### PROBLEM
With the pictures left aside, write out exactly the lines of the listing below from the line with "0407290635 Cuore di" to the line with "Pigtail Square 2", both included, and only those.

### EXERCISE MATERIAL
__________

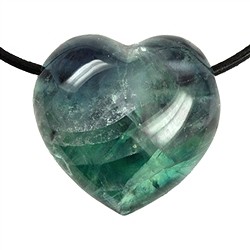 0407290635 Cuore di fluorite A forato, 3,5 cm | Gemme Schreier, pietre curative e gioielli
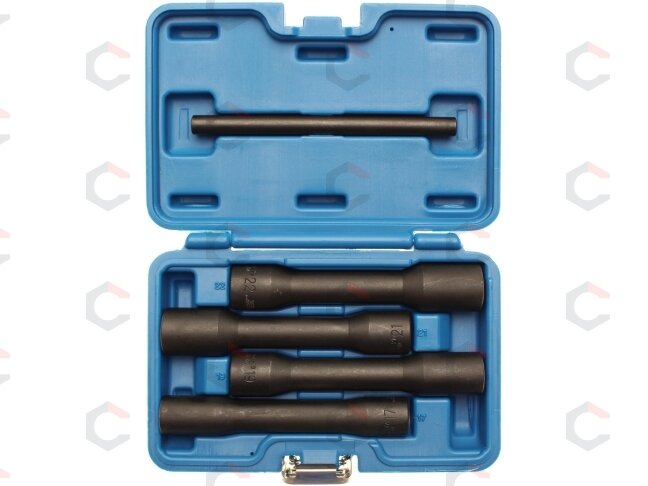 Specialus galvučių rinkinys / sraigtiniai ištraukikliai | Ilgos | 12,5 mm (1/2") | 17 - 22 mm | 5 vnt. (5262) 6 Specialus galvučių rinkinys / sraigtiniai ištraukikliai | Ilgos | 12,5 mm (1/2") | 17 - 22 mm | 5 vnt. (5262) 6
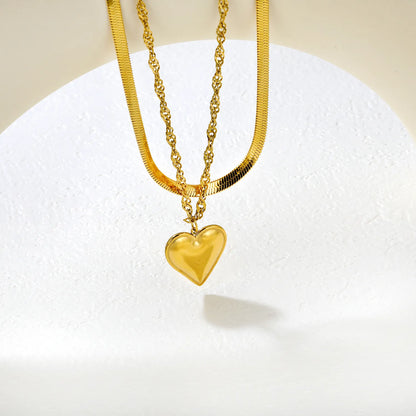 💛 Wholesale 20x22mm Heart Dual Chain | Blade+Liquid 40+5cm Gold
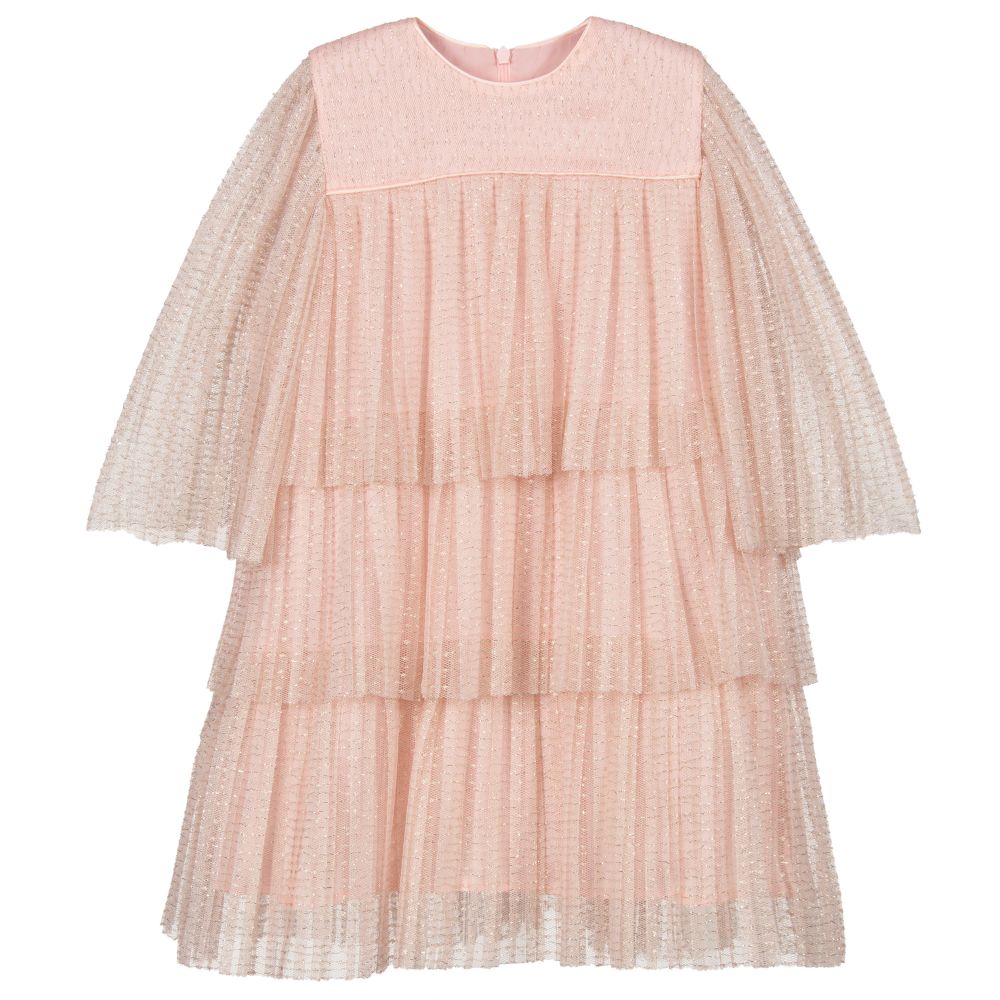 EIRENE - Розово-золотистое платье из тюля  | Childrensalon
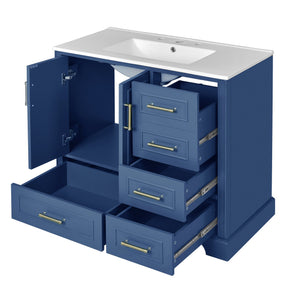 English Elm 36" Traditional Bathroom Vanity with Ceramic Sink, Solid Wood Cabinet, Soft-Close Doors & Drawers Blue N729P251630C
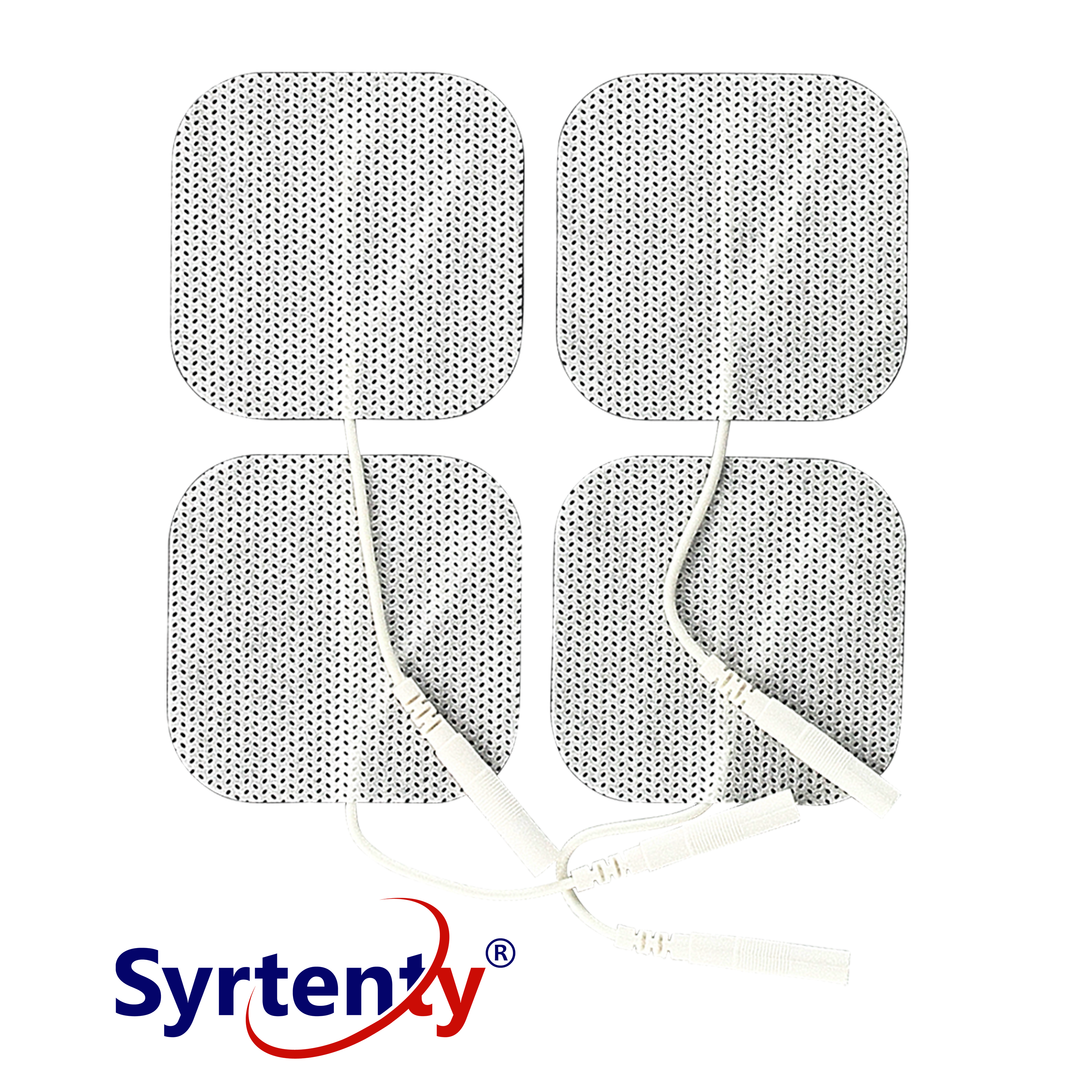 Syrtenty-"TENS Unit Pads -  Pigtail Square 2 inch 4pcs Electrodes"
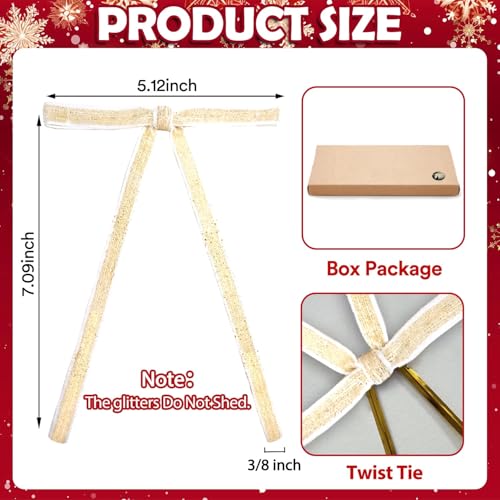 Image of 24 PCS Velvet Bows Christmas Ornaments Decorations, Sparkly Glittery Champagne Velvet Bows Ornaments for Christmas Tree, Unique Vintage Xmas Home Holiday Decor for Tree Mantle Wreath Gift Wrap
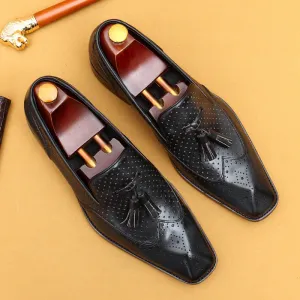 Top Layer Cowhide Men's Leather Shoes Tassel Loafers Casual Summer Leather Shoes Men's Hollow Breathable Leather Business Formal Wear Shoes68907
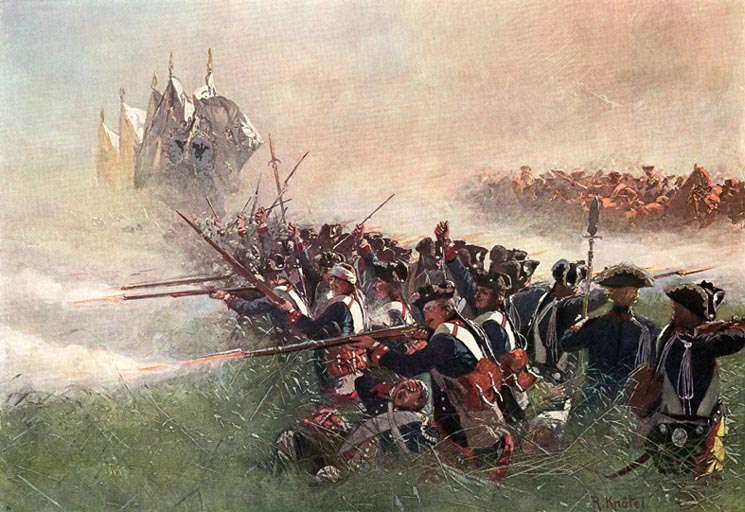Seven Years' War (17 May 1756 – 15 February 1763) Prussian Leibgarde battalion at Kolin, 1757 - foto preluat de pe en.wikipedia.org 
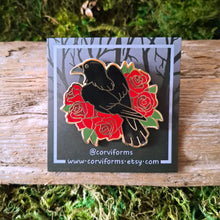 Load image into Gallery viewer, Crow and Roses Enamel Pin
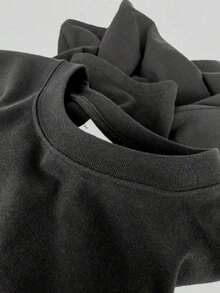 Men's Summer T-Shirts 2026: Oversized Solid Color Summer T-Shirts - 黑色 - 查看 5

__________

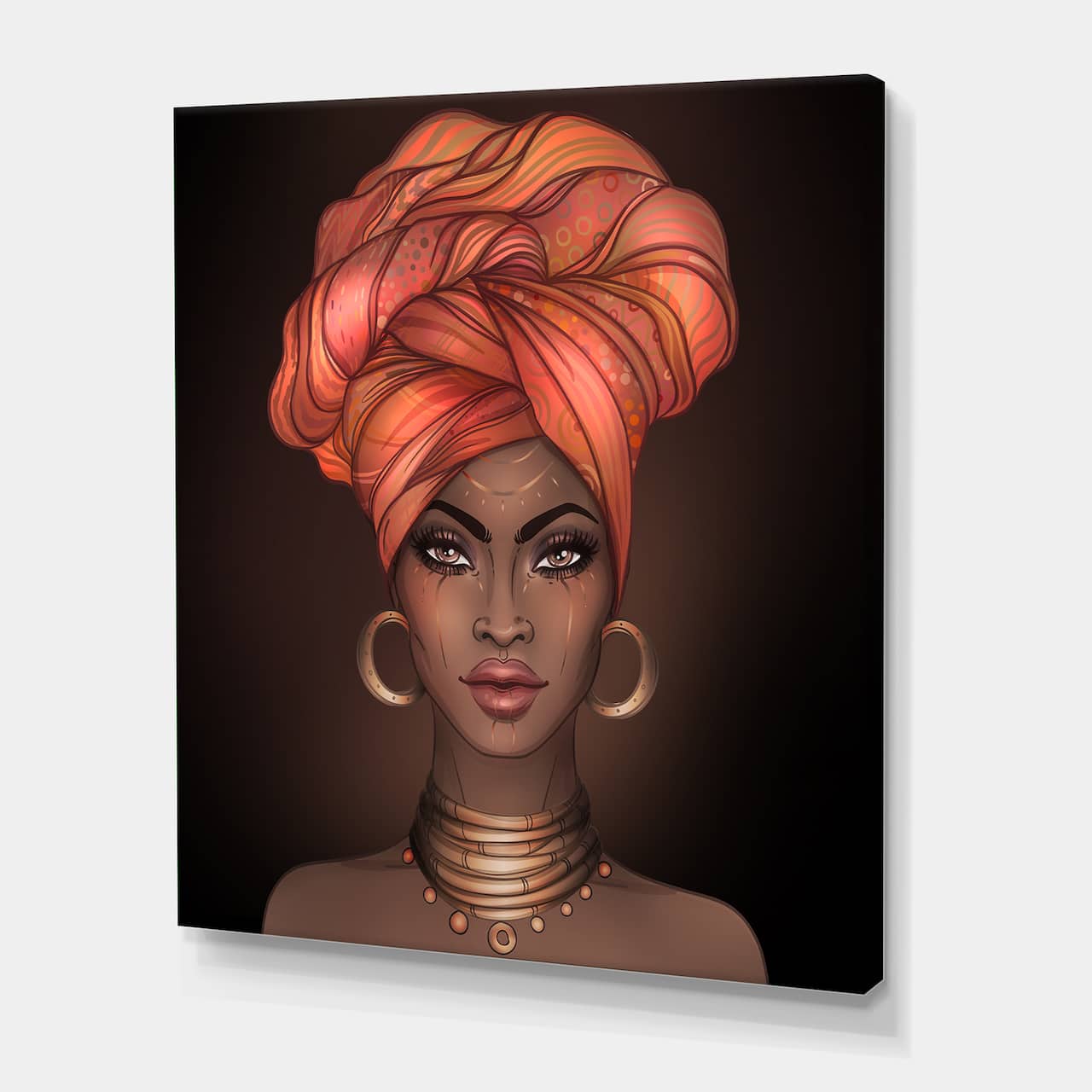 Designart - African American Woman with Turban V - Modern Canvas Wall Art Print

__________

### ANSWER TO THE PROBLEM
 0407290635 Cuore di fluorite A forato, 3,5 cm | Gemme Schreier, pietre curative e gioielli
 Specialus galvučių rinkinys / sraigtiniai ištraukikliai | Ilgos | 12,5 mm (1/2") | 17 - 22 mm | 5 vnt. (5262) 6 Specialus galvučių rinkinys / sraigtiniai ištraukikliai | Ilgos | 12,5 mm (1/2") | 17 - 22 mm | 5 vnt. (5262) 6
 💛 Wholesale 20x22mm Heart Dual Chain | Blade+Liquid 40+5cm Gold
 EIRENE - Розово-золотистое платье из тюля  | Childrensalon
 English Elm 36" Traditional Bathroom Vanity with Ceramic Sink, Solid Wood Cabinet, Soft-Close Doors & Drawers Blue N729P251630C
 Syrtenty-"TENS Unit Pads -  Pigtail Square 2 inch 4pcs Electrodes"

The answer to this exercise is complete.